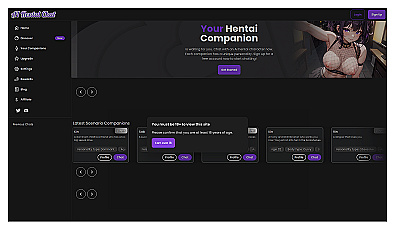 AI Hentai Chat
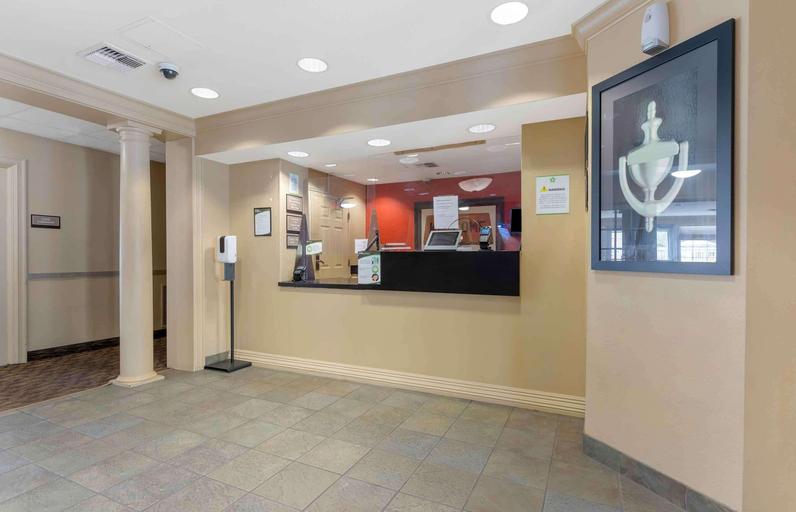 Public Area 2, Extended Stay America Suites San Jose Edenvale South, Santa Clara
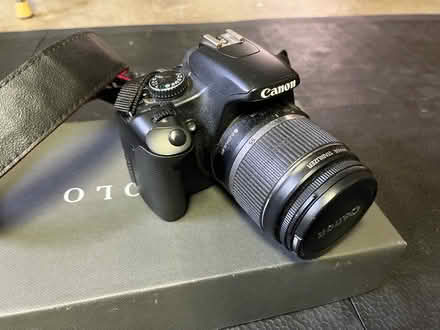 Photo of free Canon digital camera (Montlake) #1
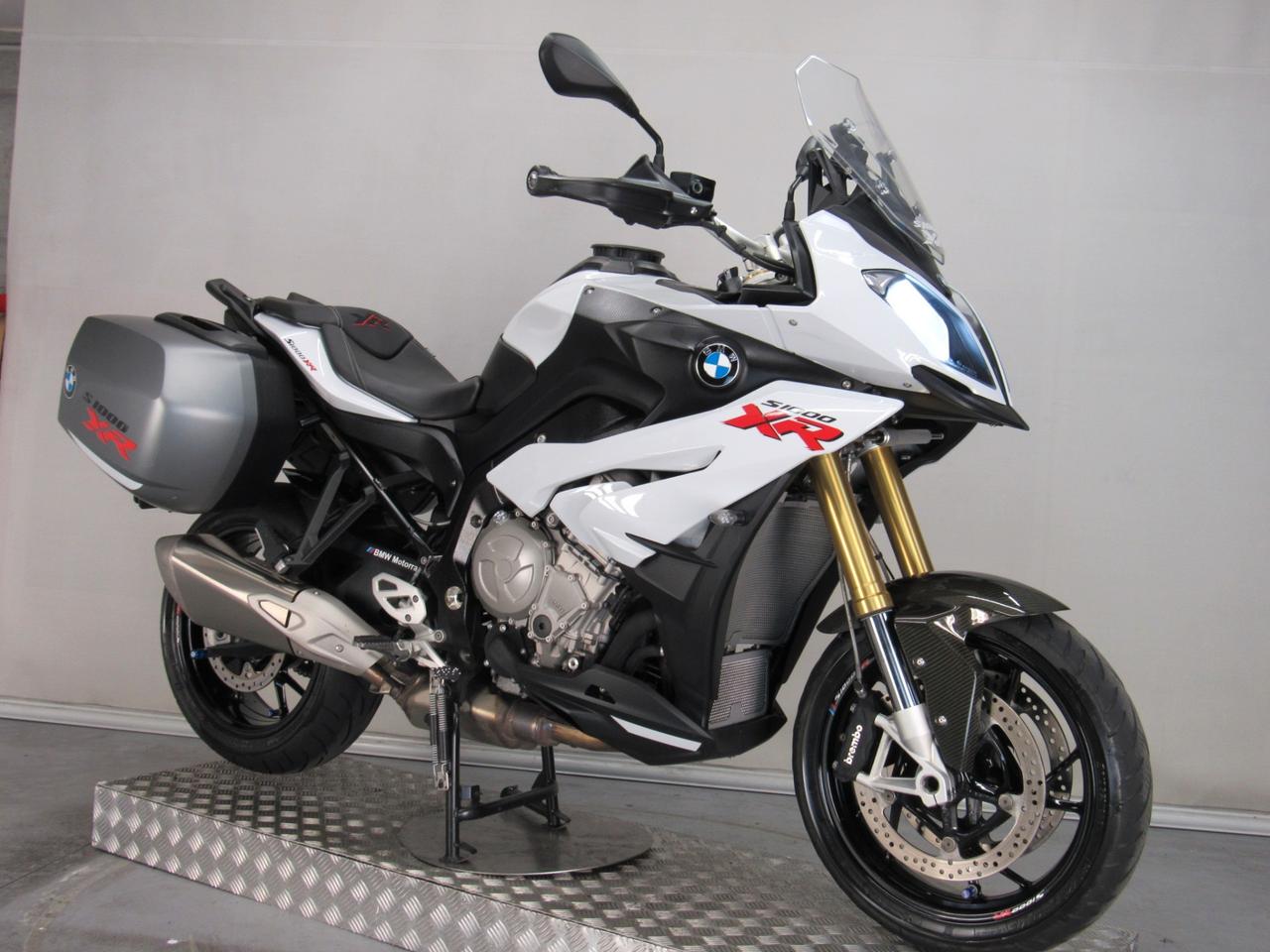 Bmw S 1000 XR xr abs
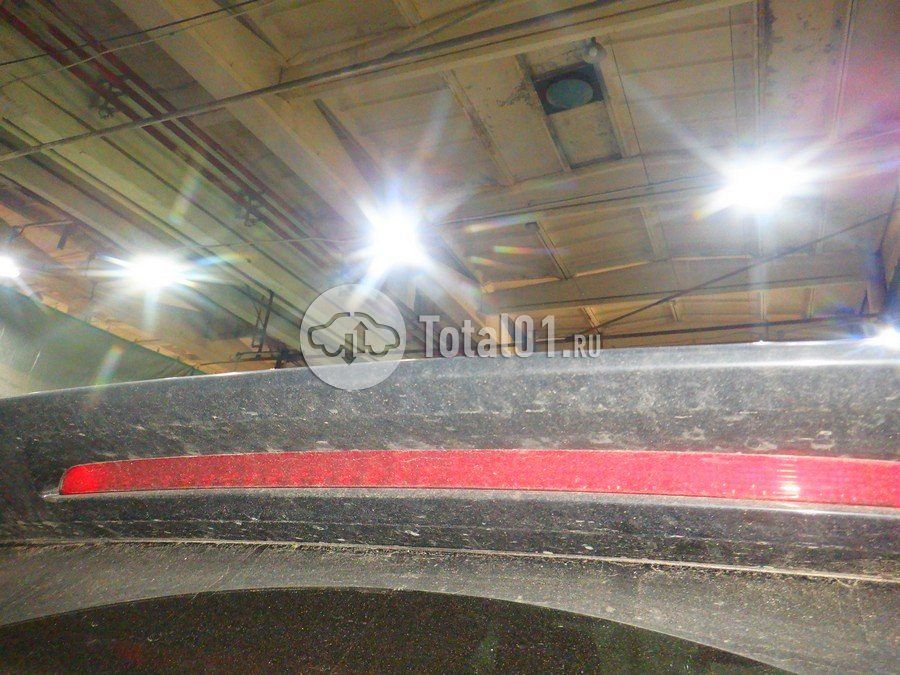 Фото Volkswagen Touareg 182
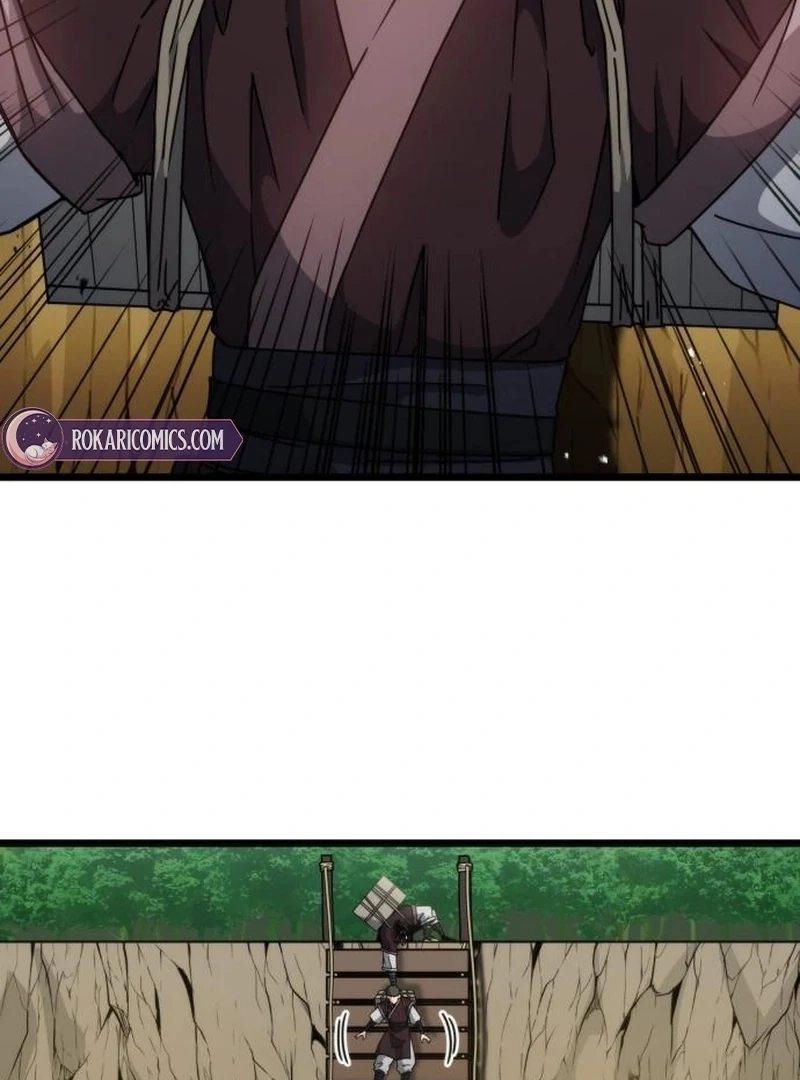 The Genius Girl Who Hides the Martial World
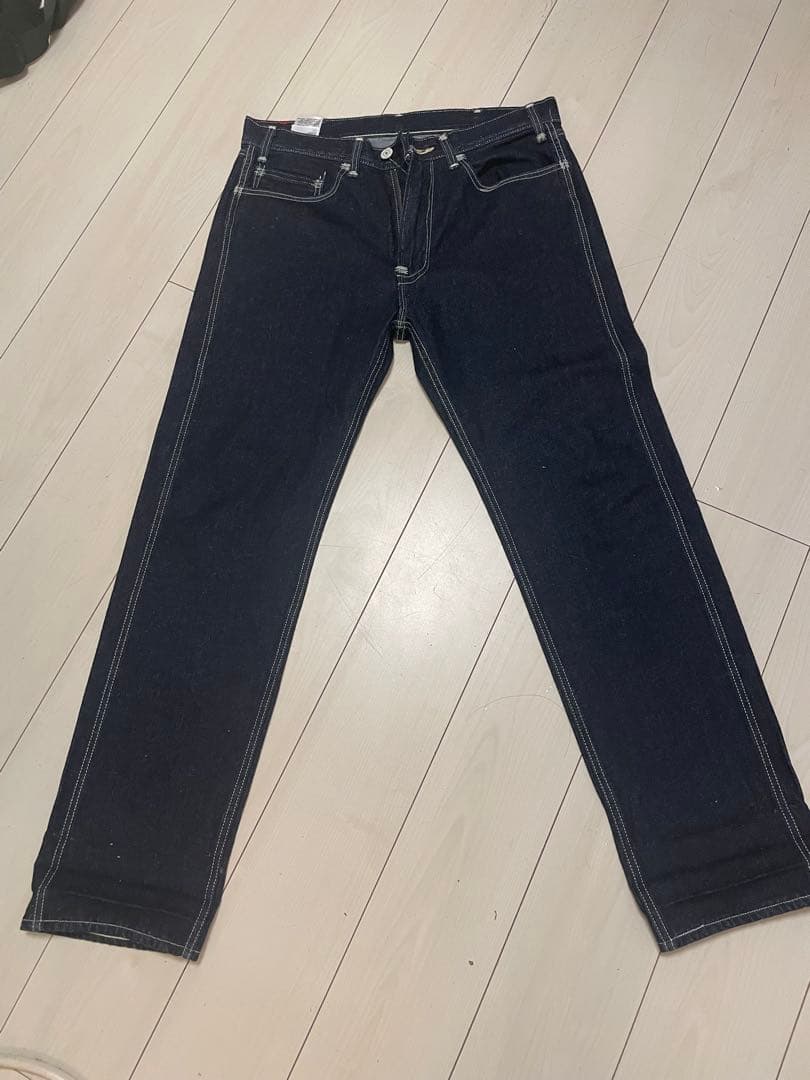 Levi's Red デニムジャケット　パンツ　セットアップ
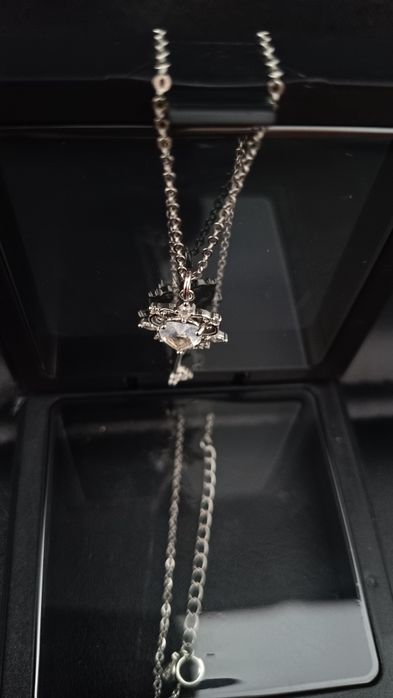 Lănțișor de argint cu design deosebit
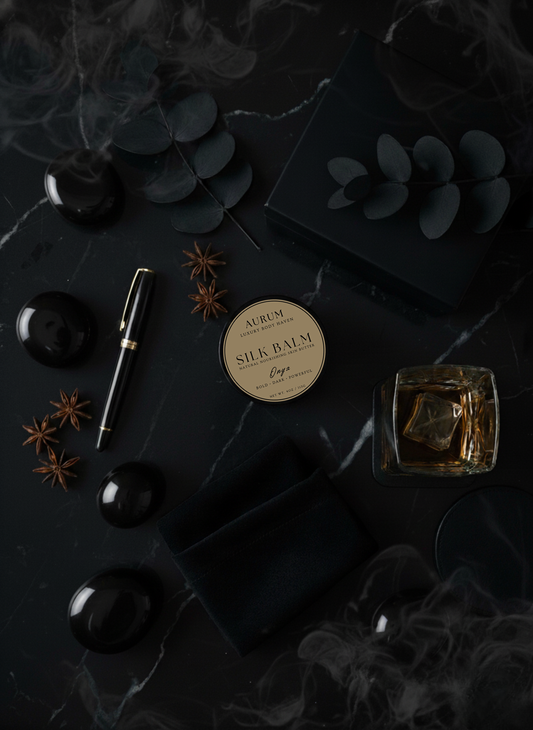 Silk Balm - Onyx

ACTION ITEM - Write out only the lines from the one that contains "Public Area 2, Extended" through the last line of the records above, both included, word for word and without the pictures.

TASK RESPONSE -
 Public Area 2, Extended Stay America Suites San Jose Edenvale South, Santa Clara
 Photo of free Canon digital camera (Montlake) #1
 Bmw S 1000 XR xr abs
 Фото Volkswagen Touareg 182
 The Genius Girl Who Hides the Martial World
 Levi's Red デニムジャケット　パンツ　セットアップ
 Lănțișor de argint cu design deosebit
 Silk Balm - Onyx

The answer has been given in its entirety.